Provided data:
····················

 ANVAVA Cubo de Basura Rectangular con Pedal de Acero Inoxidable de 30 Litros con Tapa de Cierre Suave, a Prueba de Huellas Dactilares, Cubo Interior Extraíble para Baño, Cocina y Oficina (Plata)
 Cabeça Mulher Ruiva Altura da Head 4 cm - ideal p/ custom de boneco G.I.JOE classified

····················

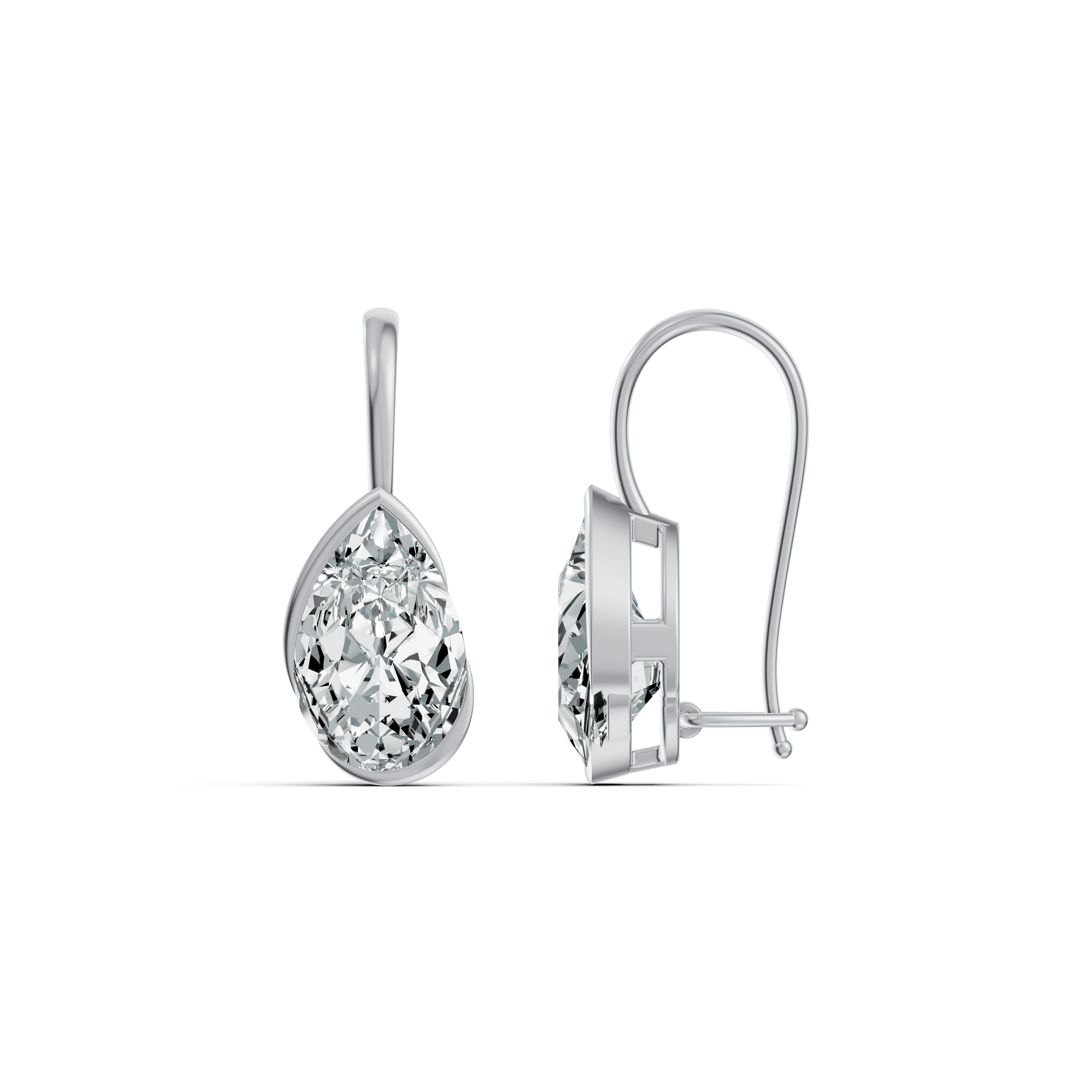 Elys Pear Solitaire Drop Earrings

····················

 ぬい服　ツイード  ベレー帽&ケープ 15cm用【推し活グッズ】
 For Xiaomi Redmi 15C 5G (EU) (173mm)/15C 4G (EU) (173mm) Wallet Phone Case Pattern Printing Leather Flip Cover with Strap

····················

All lines in the listing above from the line containing "ANVAVA Cubo de" to the line containing "Cabeça Mulher Ruiva", inclusive, should be retyped exactly; no other lines should appear.

 ANVAVA Cubo de Basura Rectangular con Pedal de Acero Inoxidable de 30 Litros con Tapa de Cierre Suave, a Prueba de Huellas Dactilares, Cubo Interior Extraíble para Baño, Cocina y Oficina (Plata)
 Cabeça Mulher Ruiva Altura da Head 4 cm - ideal p/ custom de boneco G.I.JOE classified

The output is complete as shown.